Great Plains Studies, Center for

 

Date of this Version

Spring 1997

Citation

Great Plains Quarterly Vol. 17, No. 2, Spring 1997, pp. 152-53.

Comments

Copyright 1997 by the Center for Great Plains Studies, University of Nebraska-Lincoln

Abstract

This is a penetrating analysis of the "complicated melange of war hysteria, fear of anarchy and Bolshevism, postwar anomie, nativism, pietism, populism, and progressivism" that prompted serious assaults on parochial schools during the years following the first World War. Fired by zealots who feared an America awash in a sea of immigrants whose schools and churches (and especially those operated by Germans) were bulwarks of ethnic identity, the era produced concerted efforts in Nebraska, Oregon, Michigan, Hawaii, and Washington to shut parochial schools, create compulsory attendance statutes, and outlaw foreign language instruction and use. In the name of Americanism, cried the advocates of the movement, parochial schools and all they represented ought to be rooted out.

But as Ross suggests, more was at issue than fear of German-language schools. Language seemed a paradigm for culture and race, and in the crucible of a war in which government and press depicted Germans as relentless savages, parochial schools were assailed as dens of kaiserism. Advocates saw this as the moment they might finally take firm control of the nation's cultural and ethnic destiny. After all, as Iowa governor William L. Harding declared in 1918, "God is listening only to the English tongue." And when he and his ilk got through, he boasted, that was how matters would remain.

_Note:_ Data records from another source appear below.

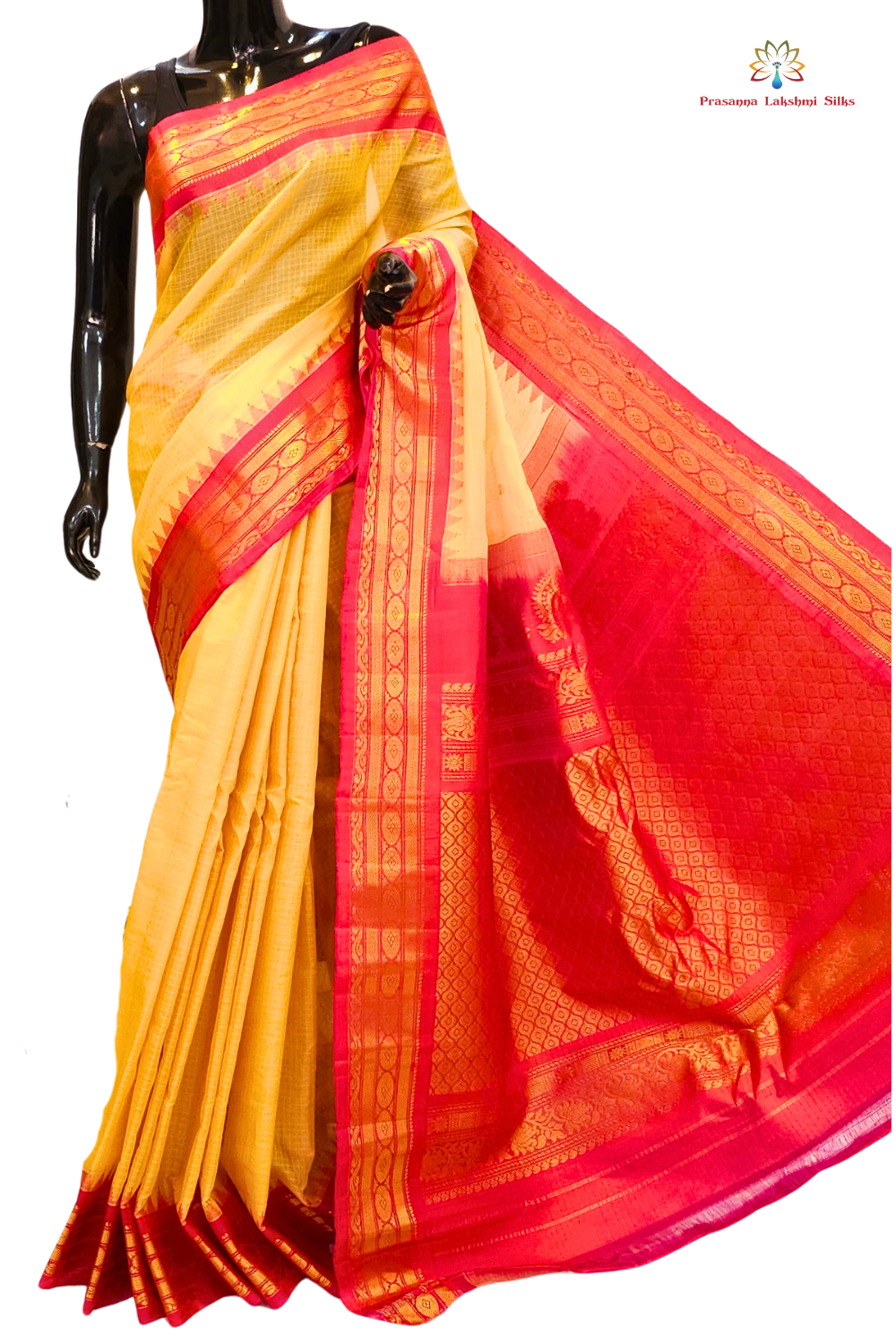 Handloom Gadwal silk cotton saree with all-over zari buttis and rich brocade pallu.

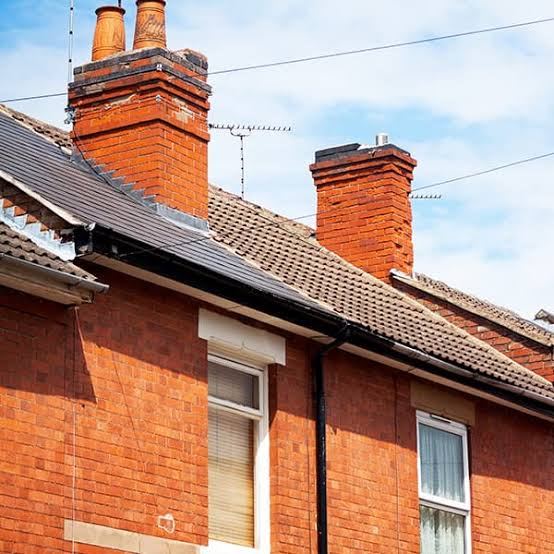Row of period houses with chimney stacks in Knighton, Leicester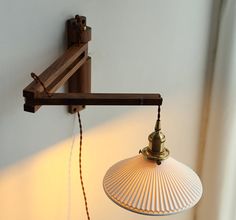 a lamp hanging from the side of a wall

Opponents of the nativists understood clearly that fundamental civil liberties teetered in the balance. If states could employ their police power to destroy parochial schools, where might the assault on ethnic minorities end? The prospects were chilling. Thus the three cases to which Ross pays closest attention (Meyer v. Nebraska; Pierce v. Society of Sis - ters; and Farrington v. Tokushige) set the framework for a much broader discussion of the Fourteenth Amendment's due process clause, the police power of the state, and ultimately the proposition that "democratic values and ethnicity were not mutually exclusive."

In the end the attacks failed, and the Supreme Court disavowed the various statr cases in language that continues to inform high court decisions to this day. Meyer, Pierce, and Farrington presaged "the emergence of the Supreme Court as a persistent guardian of personal liberties," Ross concludes, and affirmed that citizens have certain rights under the Fourteenth Amendment that must be respected by the states.

This is a compelling discussion of legal history and the social and ethnic questions the parochial school cases raised. Legal scholars and social historians alike will find much to ponder here. Ross's discussions of nativism, and of the broader context from which the school cases emerged, is fascinating. Deeply researched, smartly written, and forcefully argued, this is an important book.